- Madaba Jordan

Information
- Type: Private, boarding International school
- Motto: Floreat Scientia
- Established: 2007
- Head of School: Penny Townsend
- Grades: 7–12
- Gender: Co-educational
- Colors: Red, blue, and gold
- Athletics: Co-educational curricular activities
- Mascot: Lion
- Website: kingsacademy.edu.jo

= King's Academy =

King's Academy (Arabic transliteration: "كينغز أكاديمي") is an independent, co-educational boarding and day school for students in grades 7 to 12 in Madaba-Manja, Jordan. It is named in honor of King Abdullah II of Jordan and seeks to fulfill His Majesty's vision of producing "a new generation of enlightened and creative minds."

King Abdullah attended high school at Deerfield Academy in the United States as there was no school of comparable standing in Jordan when he was a boy, but his son Crown Prince Hussein enrolled in the new school's second incoming class (2008). The school's first headmaster, Dr. Eric Widmer, was a past headmaster of Deerfield.

The primary language of instruction at King's Academy is English. Both Arabic-speaking and non-Arabic-speaking students are required to study Arabic. The academy is a member of the G30 Schools group.

The school is included in The Schools Index as one of the 150 best private schools in the world and among top 15 schools in the Middle East.

==Location and campus==

The campus and buildings are constructed on a 575-dunum (144-acre) site and comprise some 35 major buildings.

===Athletic facilities===
The athletic facilities include a semi-Olympic swimming pool, tennis court, squash court, handball, and basketball courts, and cardio and weight training facilities. There is also an outdoor sports stadium that includes a full-size football field, two additional football fields, and a track.

===King Abdullah II Spiritual Center===
The King Abdullah II Spiritual Center is a multi-faith spiritual center that is available for use to all members of the school community, regardless of their faith. Both the indoor prayer room and the open-air courtyard are available for use at all times by students, faculty, staff, and campus visitors.

===The Abdul Majeed Shoman Auditorium===
The Abdul Majeed Shoman Auditorium holds around 200 people and is the location of both school and community events including concerts, student recitals, plays, and dance performances. Students and faculty members gather here for weekly school meetings.

===The Sheikh Jabir Al-Ahmad Al-Sabah Building===
The building has a total area of 2,200 square meters and houses the Middle School, the Office of the Headmaster, and the Office of Admissions.

===The HRH Sheikh Mohammed Bin Rashid Al Maktoum Library===
For use by students, faculty, staff and guests of King's Academy, the HRH Sheikh Mohammed Bin Rashid Al Maktoum Library holds 50,000 volumes.

==Student body==
The King's Academy campus was built to accommodate both day and boarding students, the latter comprising about 60 percent of the student body.

For the 2025–2026 academic year, 484 students were enrolled at the school, representing some 40 countries in the Middle East and around the world.
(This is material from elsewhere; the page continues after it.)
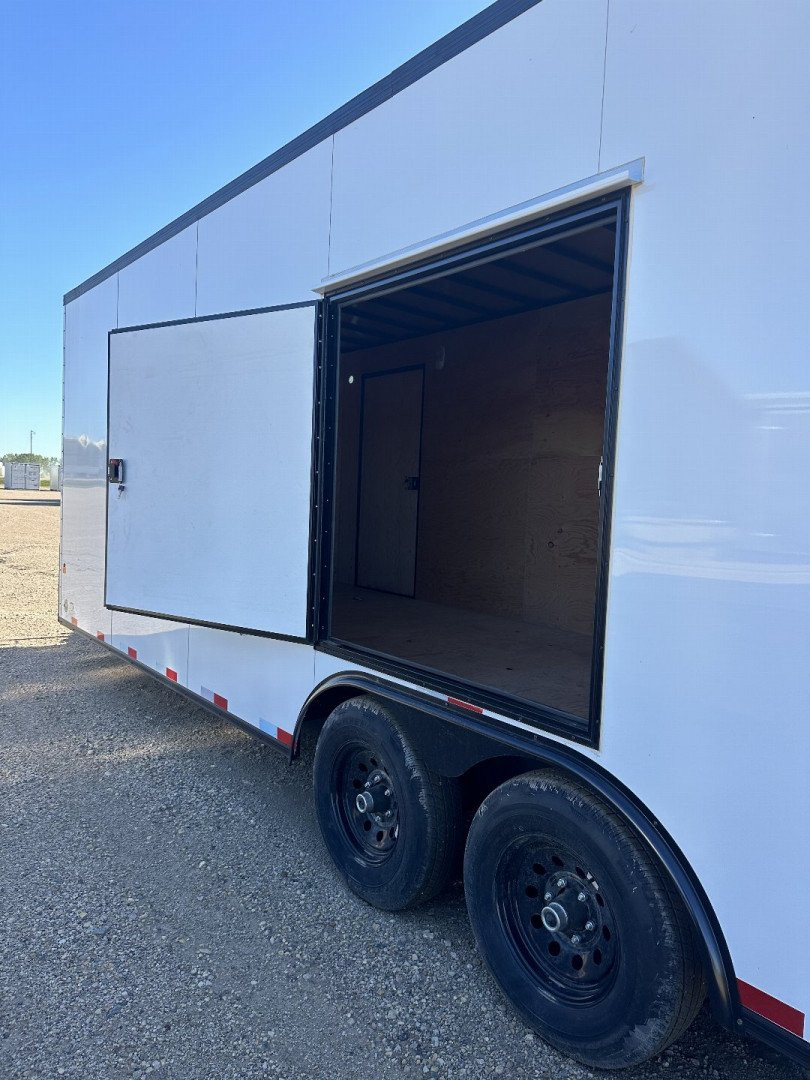 New 2026 Southland Trailers Larct52-826v-86r Cargo / Enclosed Trailer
Of these students, 45 percent are female, and 55 percent are male.

Approximately 40% of students receive financial aid.

==Academics==
The school's curriculum is based on the American Advanced Placement (AP) program, and the Middle School curriculum is based on the College Board’s QUEST framework for teaching and learning. Students intending to attend a Jordanian university or gain certain professional licenses in Jordan can obtain a certificate of Tawjihi equivalency in lieu of taking the national Tawjihi examination. The primary language of instruction at King's Academy is English, but the study of Arabic is required of all students.

King's Academy is accredited by the New England Association of Schools and Colleges. It is a founding member of Global Online Academy, a member of G30 Schools, and a Round Square school.